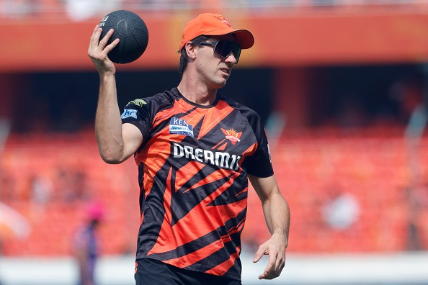 आईपीएल 2026: पैट कमिंस की फिटनेस पर सस्पेंस, स्कैन के लिए ऑस्ट्रेलिया लौटे कप्तान!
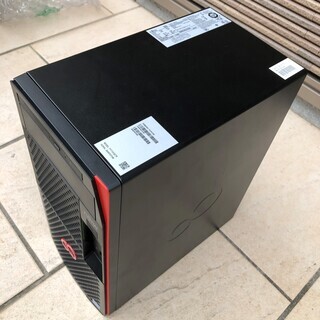 富士通 PRIMERGY TX1310 M3 サーバーの画像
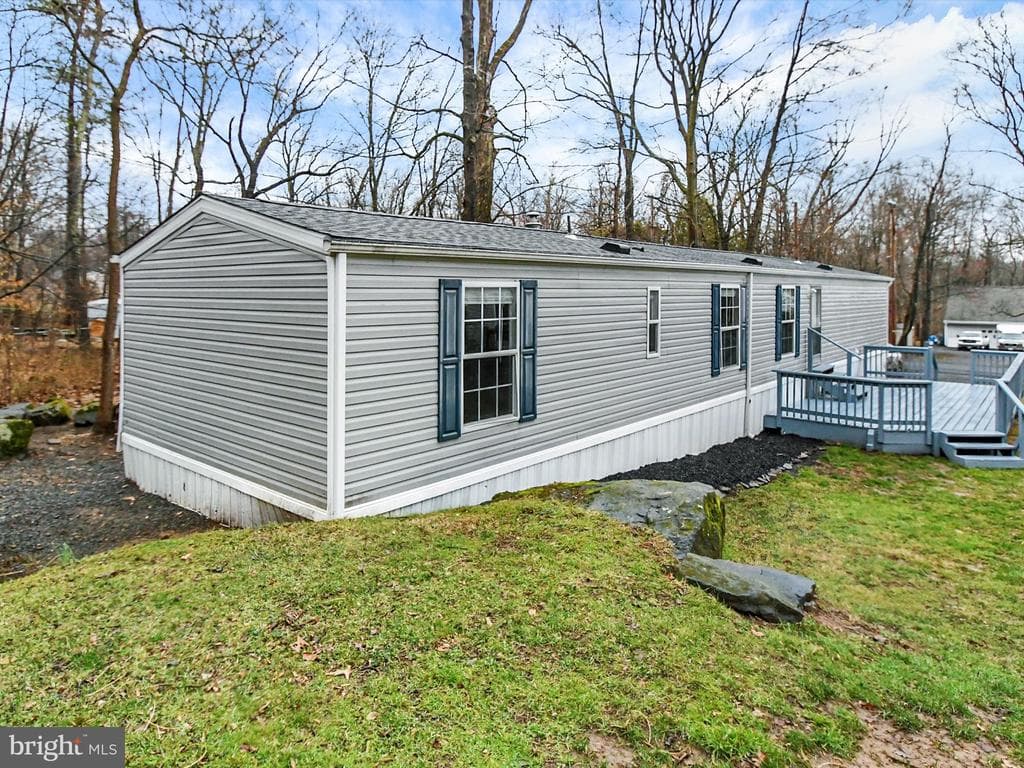 740 Lonely Cottage Road photo 1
+---+
▶ _Problem details_:
The expected answer is the full listing above, transcribed exactly and without pictures.

▶ _Reply_:
 आईपीएल 2026: पैट कमिंस की फिटनेस पर सस्पेंस, स्कैन के लिए ऑस्ट्रेलिया लौटे कप्तान!
 富士通 PRIMERGY TX1310 M3 サーバーの画像
 740 Lonely Cottage Road photo 1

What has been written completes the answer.